I have come to believe G‑d wants us to be His partner in a life that in this world will not be free of pain. He will share our burden if we share His, and frankly, even if we don’t. We cannot know His purpose, but we can pray for His help, and pray for Him to ease the suffering of others. And then, as a collective whole and as individuals, it is time to get to work. To do what it takes to heal the world He gave us. Heal His people. Heal His planet. Heal each other. And heal ourselves. We can live the Torah He gave us, and do the mitzvahs He promises will lead to our redemption. It is not enough to say, “I believe in G‑d but I can’t know his ways.” That’s true, but it doesn’t let us off the hook. Instead, the believing is what gives us the strength and the responsibility to do whatever it takes to find meaning in our own complicated lives.
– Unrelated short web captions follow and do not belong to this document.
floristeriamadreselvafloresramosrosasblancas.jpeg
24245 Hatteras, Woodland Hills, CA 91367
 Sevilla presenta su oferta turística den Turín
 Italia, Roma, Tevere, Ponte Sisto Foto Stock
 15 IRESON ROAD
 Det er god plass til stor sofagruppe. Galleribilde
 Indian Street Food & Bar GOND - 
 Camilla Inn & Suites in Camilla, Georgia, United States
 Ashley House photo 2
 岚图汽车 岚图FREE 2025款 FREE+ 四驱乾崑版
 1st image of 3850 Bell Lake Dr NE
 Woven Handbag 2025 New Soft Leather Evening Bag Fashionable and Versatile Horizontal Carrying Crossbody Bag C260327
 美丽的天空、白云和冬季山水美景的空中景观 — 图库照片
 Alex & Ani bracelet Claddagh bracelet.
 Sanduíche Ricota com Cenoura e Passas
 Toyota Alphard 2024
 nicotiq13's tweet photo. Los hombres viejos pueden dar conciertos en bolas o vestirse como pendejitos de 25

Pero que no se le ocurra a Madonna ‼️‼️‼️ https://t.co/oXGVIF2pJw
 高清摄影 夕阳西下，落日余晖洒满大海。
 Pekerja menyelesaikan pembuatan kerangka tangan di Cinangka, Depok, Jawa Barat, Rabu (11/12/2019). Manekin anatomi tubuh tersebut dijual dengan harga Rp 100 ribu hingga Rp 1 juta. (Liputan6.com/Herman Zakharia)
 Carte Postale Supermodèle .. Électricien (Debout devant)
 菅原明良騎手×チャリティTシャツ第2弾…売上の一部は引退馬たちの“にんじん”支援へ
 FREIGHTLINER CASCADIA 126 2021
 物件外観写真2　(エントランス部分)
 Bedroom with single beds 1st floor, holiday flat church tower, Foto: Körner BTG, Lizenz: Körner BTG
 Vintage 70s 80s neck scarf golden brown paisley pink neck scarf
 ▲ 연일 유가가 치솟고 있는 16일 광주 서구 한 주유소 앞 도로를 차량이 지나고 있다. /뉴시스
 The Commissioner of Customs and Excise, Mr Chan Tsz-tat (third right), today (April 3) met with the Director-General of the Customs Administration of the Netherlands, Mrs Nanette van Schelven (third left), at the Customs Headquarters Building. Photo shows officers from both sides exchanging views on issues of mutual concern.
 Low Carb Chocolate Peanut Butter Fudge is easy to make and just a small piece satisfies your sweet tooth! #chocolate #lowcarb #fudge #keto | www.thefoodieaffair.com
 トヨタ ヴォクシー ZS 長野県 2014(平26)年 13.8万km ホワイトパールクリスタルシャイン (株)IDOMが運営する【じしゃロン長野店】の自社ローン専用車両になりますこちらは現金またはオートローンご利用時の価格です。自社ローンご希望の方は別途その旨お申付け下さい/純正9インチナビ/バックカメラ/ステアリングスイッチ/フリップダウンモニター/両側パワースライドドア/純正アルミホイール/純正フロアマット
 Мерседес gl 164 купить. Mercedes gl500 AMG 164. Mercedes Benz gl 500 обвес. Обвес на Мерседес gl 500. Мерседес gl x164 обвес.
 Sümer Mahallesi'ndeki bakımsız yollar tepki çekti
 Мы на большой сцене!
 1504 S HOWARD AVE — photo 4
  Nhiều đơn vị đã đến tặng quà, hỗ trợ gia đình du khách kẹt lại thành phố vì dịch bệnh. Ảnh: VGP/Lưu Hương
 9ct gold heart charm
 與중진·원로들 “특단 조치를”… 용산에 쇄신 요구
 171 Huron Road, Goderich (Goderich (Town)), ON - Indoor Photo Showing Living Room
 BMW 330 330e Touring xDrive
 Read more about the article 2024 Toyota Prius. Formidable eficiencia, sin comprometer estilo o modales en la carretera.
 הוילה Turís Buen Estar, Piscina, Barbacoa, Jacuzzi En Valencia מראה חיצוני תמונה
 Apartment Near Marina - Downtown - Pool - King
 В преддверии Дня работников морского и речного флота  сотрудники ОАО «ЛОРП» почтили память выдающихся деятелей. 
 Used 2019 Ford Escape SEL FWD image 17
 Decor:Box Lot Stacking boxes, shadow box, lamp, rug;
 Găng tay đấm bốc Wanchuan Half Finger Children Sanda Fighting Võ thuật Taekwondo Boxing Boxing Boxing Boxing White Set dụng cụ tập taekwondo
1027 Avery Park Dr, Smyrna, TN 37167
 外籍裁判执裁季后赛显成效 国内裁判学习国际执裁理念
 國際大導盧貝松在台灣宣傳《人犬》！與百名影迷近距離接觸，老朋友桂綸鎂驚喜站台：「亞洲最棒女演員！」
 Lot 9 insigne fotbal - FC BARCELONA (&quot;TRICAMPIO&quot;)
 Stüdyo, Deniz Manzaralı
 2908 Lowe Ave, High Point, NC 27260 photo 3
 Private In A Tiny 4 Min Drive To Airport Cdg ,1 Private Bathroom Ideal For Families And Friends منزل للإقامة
For me, it was teaching my daughter, nurturing her, caring for her, helping her through recovery from our ordeal that gave my life meaning after the accident. Now, she’s the one who’s teaching me as she calls to tell me what she’s learning, or to teach me new prayers, or to show me new insights into a Torah I’ve only just begun to understand. I light candles every Friday night now . . . and I thank G‑d for every blessing, for every wonderful surprise.

Someone could look at my life and say how sorry they are for my family’s tragedy. I say how thankful I am for our blessings.